Un uomo fuoricampo
Gli ultimi giorni di vita di Kurt Cobain, questo il tema del nuovo film di Gus Van Sant, presentato nella sezione in concorso del Festival di Cannes 2005. Il regista americano immagina, affidandosi in buona parte alle sue suggestioni e al suo istinto, oltre che alle informazioni avute, il defunto leader dei Nirvana (Blake è il suo nome nel mondo della ricostruzione cinematografica) perso nella confusione e nelle paranoie della sua mente, distrutto da uno stile di vita improprio e circondato da un'umanità indifferente e sciacalla, al limite del surreale.
Van Sant sceglie di mostrare il suo Kurt 'Blake' Cobain con un approccio stilistico (lunghi piani sequenza, fuoricampo e montaggio per salti temporali) molto vicino a come ha trattato il tema Colombine nell'ottimo Elephant, vincitore proprio a Cannes della palma d'oro due anni fa. Molto diverso è purtroppo il risultato. Troppo interessato a mostrare una volta di più il proprio indubbio talento per la narrazione, il regista americano eccede nel suo tentativo di fornire alla pellicola una forza autonoma che prescinda dal soggetto trattato, infognandosi in un autocompiacimento spesso al limite dell'irritante e che nessuno avrebbe mai perdonato ad un regista esordiente.
Se l'idea di sottrarre qualsiasi elemento di spettacolarizzazione allo stereotipo del rocker disagiato e maledetto sulla carta poteva rivelarsi vincente, nella sostanza ci troviamo di fronte ad un film che cade nella stereotipizzazione opposta (l'introspezione minimalista è della peggior specie e raggiunge l'apice nella parentesi animistica finale) e che non si capisce mai dove voglia andare a parare con i suoi viaggi nel bosco, i discorsi sconclusionati e gli pseudovideoclip ripresi in massima profondità di campo attraverso le finestre.

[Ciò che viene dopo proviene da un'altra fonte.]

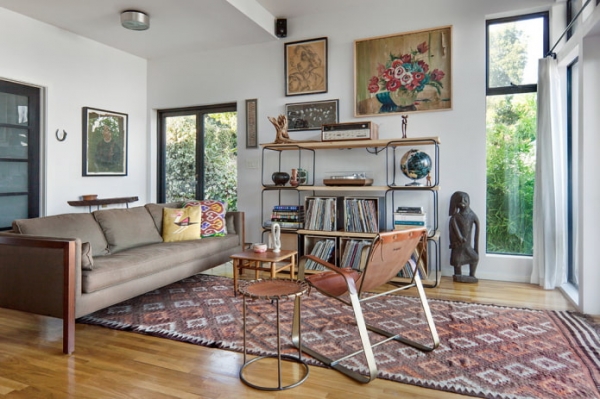 Почему раньше вешали ковры на стену? Почему раньше вешали ковры на стену?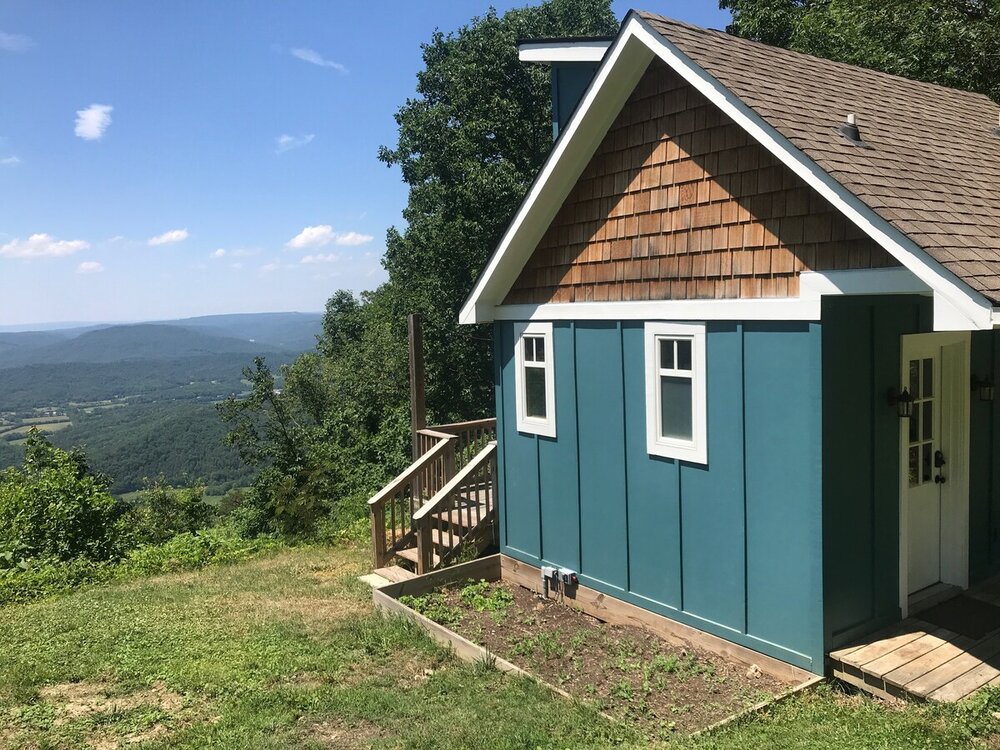 Tiny Home Airbnb Rental Near Chattanooga, Tennessee
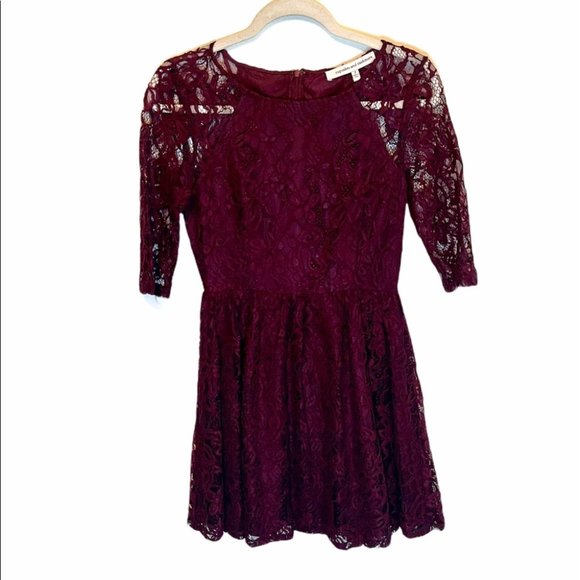 cupcakes & cashmere Dresses & Skirts - cupcakes & cashmere Red Floral Lace Mini Dress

Van Sant con eccellente capacità di vendita di sé stesso ha definito il suo film ostico e poco accessibile, un po' come a volersi giustificare per una certa pedanza visiva o per compiacersi anche di aver il potere di fare un film senza attrattiva commerciale. Un vecchio ricatto morale insito nell'autorialità di un certo cinema che crede sia sufficiente chiedere uno sforzo al pubblico per legittimare la propria opera, ma la realtà dice che quando un film pensa di dire molto non dicendo nulla, è lecito sentirsi presi per i fondelli.